A CONVERSATION WITH MARGARET MOURANT
You mightn’t think that growing old takes much skill. And of course, you’d be right … if you regard growing old as nothing more than blowing out candles on very large birthday cakes!
But if you’re thinking more of ageing with grace, maturing with dignity, accepting the challenges and enjoying the rewards of the senior years … then growing old can be a very demanding process indeed.
Few Kiwis knew this better than (the late) Margaret Mourant, whose name was long associated with Grapevine. For many years she contributed a very popular column – ‘Counsellor’s Casebook’ – in which she wrote with freshness and frankness about the real people and the real problems she encountered in her work.
Two decades ago, over a cuppa in her Auckland home, we invited Margaret to talk about growing old: What is it? How to do it in style? And when does it start?
MARGARET: Well, it’s not very helpful to stick a random number on it. Some people are never ‘old’. Others are old long before they achieve an actual number of years which society thinks of as ‘old’. They’ll say, “Oh I’m 60 …” (or 50 or 70, whatever the number). “I’m really getting old now!” And they MAKE it true by living that way! They’re old because they’ve decided they’re old.
On the other hand, there are people who live with enormous difficulties – health problems, usually – who NEVER seem to be old. Yes, they’re limited in what they can do. But they’re NOT limited in the way they think, in how they observe other people, in the enjoyment they get out of life.
GRAPEVINE: Society often links the words ‘old’ and ‘infirm’ – as if they automatically belong together.
MARGARET: That’s true. And sometimes they do – but certainly not always, and not inevitably. As people age they tend to slow down, of course. They have to adapt. Yes, ageing changes your life … but it doesn’t necessarily RUIN it!
I sometimes catch myself doing the very things I criticised others for a moment ago. Every now and then, I think of myself as ‘old’ and get bogged down in all the difficulties. But mostly (I think) I manage to stay young in heart …
GRAPEVINE: Now, we happen to know how old you are – we were invited to a special birthday party thrown in your honour. But are Grapevine readers allowed in on the secret?
MARGARET: I’m 80! (Chuckles …) I have my fair share of limitations. And I guess it’s brought home to me the fact that, to maintain quality-of-life, we need the capacity to change with the times. When you lose one thing, you have to find a substitute – and that’s not always easy! That’s where the ‘wimps’ thing comes in. Old age can be a good time, but it comes at a cost! It takes courage. You have to move with the times without losing yourself.

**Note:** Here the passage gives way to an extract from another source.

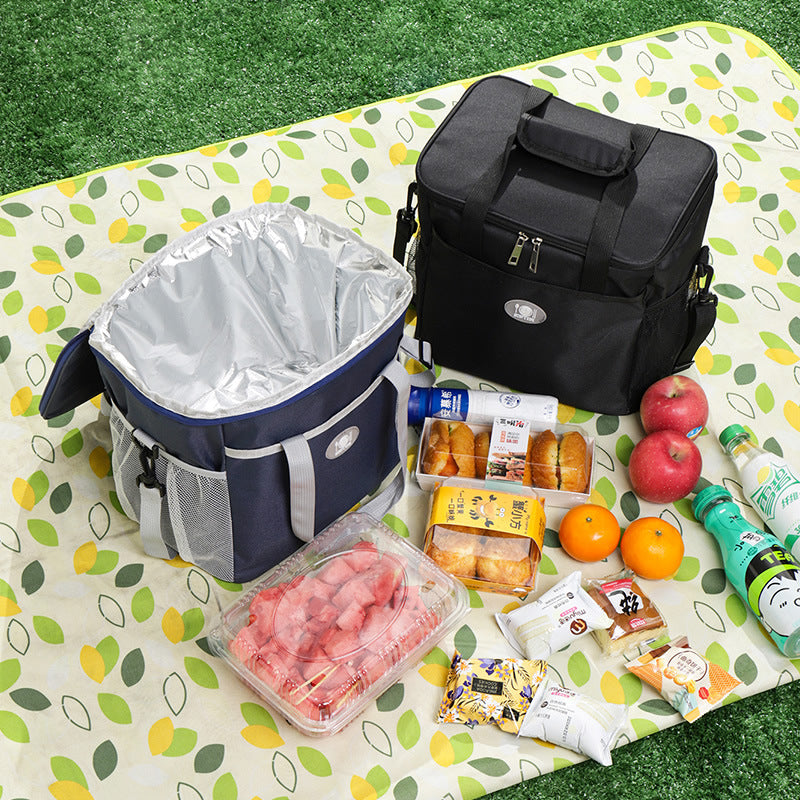 Insulated Lunch Bag Thermal Cooler Tote with Adjustable Shoulder Strap Waterproof Lining for Work School & Picnics Black Small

GRAPEVINE: You’re right when you say that’s not easy. Most of us have met elderly people who do nothing but mutter and moan: “Everything’s changing … the world’s gone crazy …”
MARGARET: Sadly, that’s true. But it’s also true that younger people just don’t understand what it’s like being in an old person’s shoes. They may be nice, helpful, and understanding, but they’ve never been there – and it’s a different country!
As a result, there’s a certain loneliness for the old person. And if they’re not getting out as much as they used to – if they can’t use the car any more, and most of their friends are still mobile or even still working – that loneliness can cut deep.
You’ve got to find extra inner resources. You have to discover how to be alone but not lonely. And that can be a struggle. Some people just cave in … give up … sit down and wait to die.
Maybe they’ve had to move to a home, and didn’t want to, and they’re pining for their old place. Maybe they’re living with a lot of regrets: regrets over things they wished they’d done, but didn’t – or regrets over stuff they did, but shouldn’t have done! It’s easy to dwell on these things …
GRAPEVINE: You like to divide the latter years of life into three stages – Young-Old-Age … Middle-Old-Age … and Old-Old-Age. What’s this all about?
MARGARET: Well, it begins with what we usually call middle-age. For me, that’s ‘Young-Old-Age’ …
You’ve got your house (if you’re ever going to get one). You’ve maybe had some success and satisfaction in a career. Your children (if you’ve had any) are off your hands – or almost so. And you’ve sort of come to a plateau …
You’ve struggled to get there, and now – here you are! And you start asking questions, like, “Is this all there is?”
You realise you’re not young anymore. And that can bring on lots of changes – including some very destructive ones.
GRAPEVINE: Such as …?
MARGARET: Well, an affair – the last chance for a fling. Or partners getting out of time with each other.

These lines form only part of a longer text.